Gabler Group: Defence-Unternehmen plant IPO im Scale
Die Gabler Group kündigt ihren Börsengang an. Die Erstnotiz soll vermutlich im März im Segment Scale der Börse Frankfurt erfolgen. Dabei wird es eine Kapitalerhöhung geben, die bis zu 40 Millionen Euro an frischem Geld in die Kasse bringen soll. Wann die neuen Aktien gezeichnet werden können, steht noch nicht fest. Auch gibt es bisher keine Details zur Preisspanne beim IPO.
Gabler Group ist ein Entwickler und Hersteller von Unterwassertechnologien, dabei ist man vor allem im Verteidigungsbereich aktiv. Zum Portfolio gehören U-Boot-Ausfahrgerätesysteme. Die Produkte von Gabler finden sich bei mehr als 250 Kunden, 25 davon stammen aus dem Bereich Marinestreitkräfte. Bisher wurden rund 185 U-Boote mit Produkten von Gabler ausgerüstet.
Unterteilt ist das Geschäft in die Segmente Submarine Systems, Subsea Communications & Data und Subsea Power.

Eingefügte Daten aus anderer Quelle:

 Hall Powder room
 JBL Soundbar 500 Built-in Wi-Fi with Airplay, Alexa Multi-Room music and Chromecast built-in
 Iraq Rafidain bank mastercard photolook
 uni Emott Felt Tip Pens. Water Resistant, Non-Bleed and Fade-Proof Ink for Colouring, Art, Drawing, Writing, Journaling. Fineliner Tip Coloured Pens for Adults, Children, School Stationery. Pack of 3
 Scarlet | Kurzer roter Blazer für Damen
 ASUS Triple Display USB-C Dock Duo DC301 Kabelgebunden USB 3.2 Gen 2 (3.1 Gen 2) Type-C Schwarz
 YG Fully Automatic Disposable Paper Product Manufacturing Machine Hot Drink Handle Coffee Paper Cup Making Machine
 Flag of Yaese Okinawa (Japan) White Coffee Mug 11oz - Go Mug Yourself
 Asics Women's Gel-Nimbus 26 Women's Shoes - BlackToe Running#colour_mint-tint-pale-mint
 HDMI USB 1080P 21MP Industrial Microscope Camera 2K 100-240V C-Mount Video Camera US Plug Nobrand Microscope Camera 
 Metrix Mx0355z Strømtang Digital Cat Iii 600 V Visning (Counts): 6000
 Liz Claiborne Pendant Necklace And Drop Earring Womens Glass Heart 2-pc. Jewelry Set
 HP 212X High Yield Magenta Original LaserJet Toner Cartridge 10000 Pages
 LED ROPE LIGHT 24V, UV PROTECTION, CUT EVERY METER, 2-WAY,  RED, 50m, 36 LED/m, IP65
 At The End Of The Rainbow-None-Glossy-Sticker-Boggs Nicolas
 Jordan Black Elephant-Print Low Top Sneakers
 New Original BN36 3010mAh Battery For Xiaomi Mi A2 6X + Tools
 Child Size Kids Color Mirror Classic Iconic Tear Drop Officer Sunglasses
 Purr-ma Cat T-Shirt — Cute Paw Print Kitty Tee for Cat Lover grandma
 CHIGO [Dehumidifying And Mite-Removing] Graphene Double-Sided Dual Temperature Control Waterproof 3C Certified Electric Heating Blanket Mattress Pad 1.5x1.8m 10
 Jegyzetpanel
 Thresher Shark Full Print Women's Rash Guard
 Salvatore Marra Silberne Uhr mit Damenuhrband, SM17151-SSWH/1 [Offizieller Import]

Mit dem frischen Geld will Gabler weiter wachsen. Dazu David Schirm, CEO von Gabler: „Der Börsengang wird es uns ermöglichen, das Wachstum, die Weiterentwicklung und den Ausbau unseres Geschäfts weiter zu beschleunigen – insbesondere in unseren am schnellsten wachsenden Geschäftsbereichen Subsea Communication & Data sowie Subsea Power, in Anwendungsbereichen der autonomen Unterwasserfahrzeuge und der Überwachung kritischer Infrastruktur.“
100 Millionen Euro sind das Ziel
Ende 2025 lag der Auftragsbestand bei 359 Millionen Euro, davon gelten 89,8 Millionen Euro als fester Auftragsbestand. Rund 75 Prozent des Umsatzes werden im Bereich Verteidigung erwirtschaftet. 2023 erwirtschaftete Gabler einen Umsatz von 26,7 Millionen Euro, 2024 waren es 33,4 Millionen Euro. Das EBIT verbesserte sich in diesem Zeitraum von 3,1 Millionen Euro auf 7,4 Millionen Euro. Mittelfristig will Gabler einen Umsatz von 100 Millionen Euro erreichen.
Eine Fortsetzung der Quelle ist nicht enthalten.